SUPPLIED RECORDS →
○ ○ ○ ○ ○
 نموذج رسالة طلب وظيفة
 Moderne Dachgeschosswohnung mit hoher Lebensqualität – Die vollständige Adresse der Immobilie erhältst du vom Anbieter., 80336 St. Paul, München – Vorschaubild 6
○ ○ ○ ○ ○
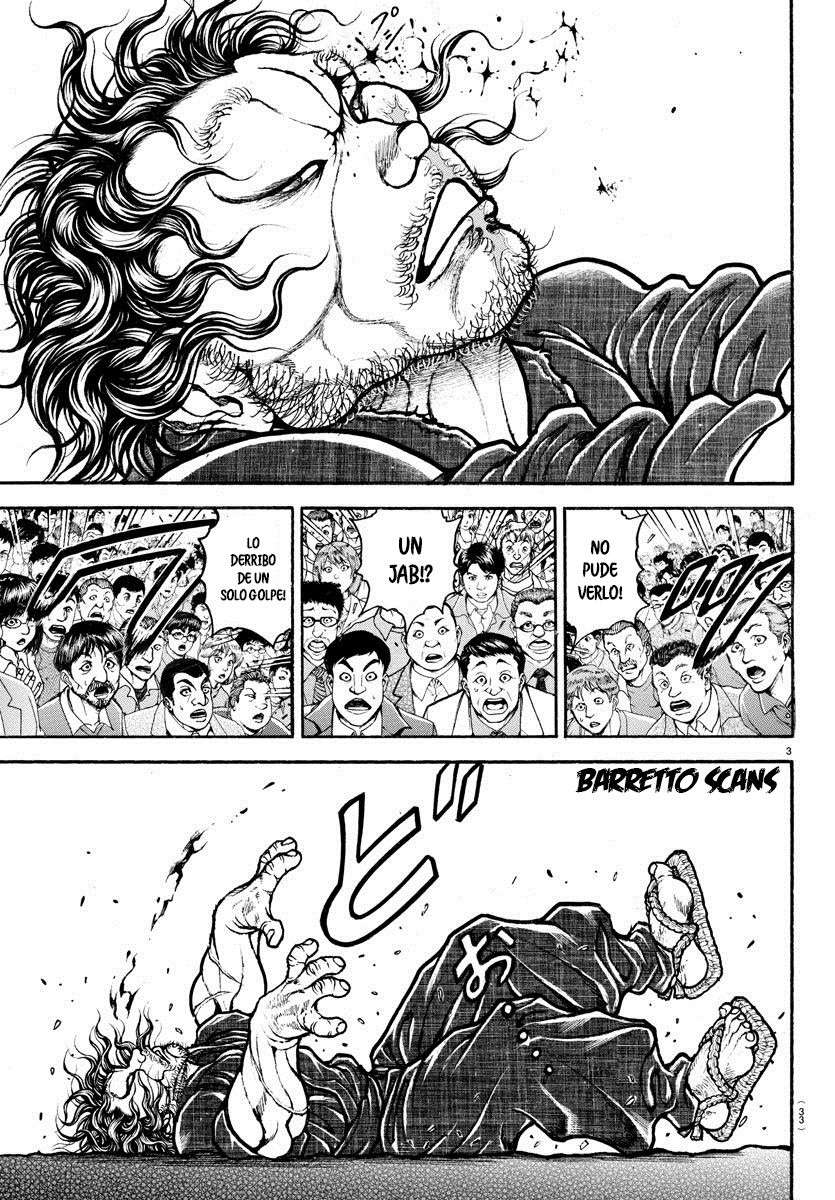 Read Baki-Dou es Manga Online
○ ○ ○ ○ ○
TASK REQUIREMENTS → Given the records above, reproduce precisely and only the lines between the line holding "نموذج رسالة طلب وظيفة" and the line holding "Moderne Dachgeschosswohnung mit", inclusive.

ANSWER SPACE →
 نموذج رسالة طلب وظيفة
 Moderne Dachgeschosswohnung mit hoher Lebensqualität – Die vollständige Adresse der Immobilie erhältst du vom Anbieter., 80336 St. Paul, München – Vorschaubild 6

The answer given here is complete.